Shortcut Feature Masking (M01)¶
Shortcut Feature Masking is a data mitigation approach (Teso & Kersting 2019) that produces augmented training data by masking or inpainting detected shortcut regions. Using this data for retraining discourages models from relying on shortcuts.
Reference¶
Teso, S., & Kersting, K. (2019). Explanatory Interactive Machine Learning. AIES 2019. The counterexample strategy randomizes or masks wrongly identified components so the learner does not depend on them.
What It Does¶
- Images: Given images and shortcut regions (from GradCAM heatmaps or user-provided masks), produces new images with those regions zeroed, randomized, or inpainted.
- Embeddings: Given embeddings and flagged dimension indices (e.g. from HBAC or statistical detection), produces new embeddings with those dimensions zeroed or randomized.
Strategies¶
| Strategy | Images | Embeddings |
|---|---|---|
| zero | Set shortcut pixels to 0 | Set flagged dimensions to 0 |
| randomize | Replace shortcut pixels with random values | Shuffle values across samples for flagged dims |
| inpaint | Fill shortcut regions with mean (simple inpainting) | N/A (treated as zero) |
Requirements¶
- Image mode: NumPy, PIL. No extra dependencies.
- Embedding mode: NumPy only.
Basic Usage¶
Image mode¶
from shortcut_detect import ShortcutMasker
import numpy as np
masker = ShortcutMasker(strategy="randomize", heatmap_threshold=0.5, augment_fraction=1.0)
# images: (N, H, W) or (N, H, W, C), values in [0, 1]
# shortcut_masks: (N, H, W) binary, or pass heatmaps instead
augmented = masker.mask_images(images, shortcut_masks=masks)

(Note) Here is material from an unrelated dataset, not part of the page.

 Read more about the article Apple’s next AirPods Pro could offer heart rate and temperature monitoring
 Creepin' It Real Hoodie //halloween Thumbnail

# Or from GradCAM heatmaps:
augmented = masker.mask_images(images, heatmaps=heatmaps)
Embedding mode¶
masker = ShortcutMasker(strategy="zero")
# embeddings: (N, D), flagged_dim_indices: list of dimension indices
augmented = masker.mask_embeddings(embeddings, flagged_dim_indices=[0, 3, 7])
Dashboard¶
In the Advanced Analysis tab, use the Shortcut Feature Masking (M01) accordion:
- Image mode: Upload images and either mask images or a heatmap file (.npz/.npy). Choose strategy (zero / randomize / inpaint) and augment fraction. Download a zip of augmented images.
- Embedding mode: Upload an embeddings CSV and enter dimension indices to mask (e.g.
0,3,7). Download the augmented CSV.
Workflow¶
- Run detection (e.g. GradCAM, HBAC, Statistical) to identify shortcut regions or dimensions.
- Run Shortcut Masking with those regions/dimensions to produce augmented data.
- Use the augmented data (optionally mixed with original) for retraining.
Parameters¶
- strategy:
"zero"|"randomize"|"inpaint"(images);"zero"|"randomize"(embeddings). - heatmap_threshold: Binarization threshold for heatmaps (default 0.5).
- augment_fraction: Fraction of samples to augment, 0–1 (default 1.0).
- random_state: Seed for reproducible randomization.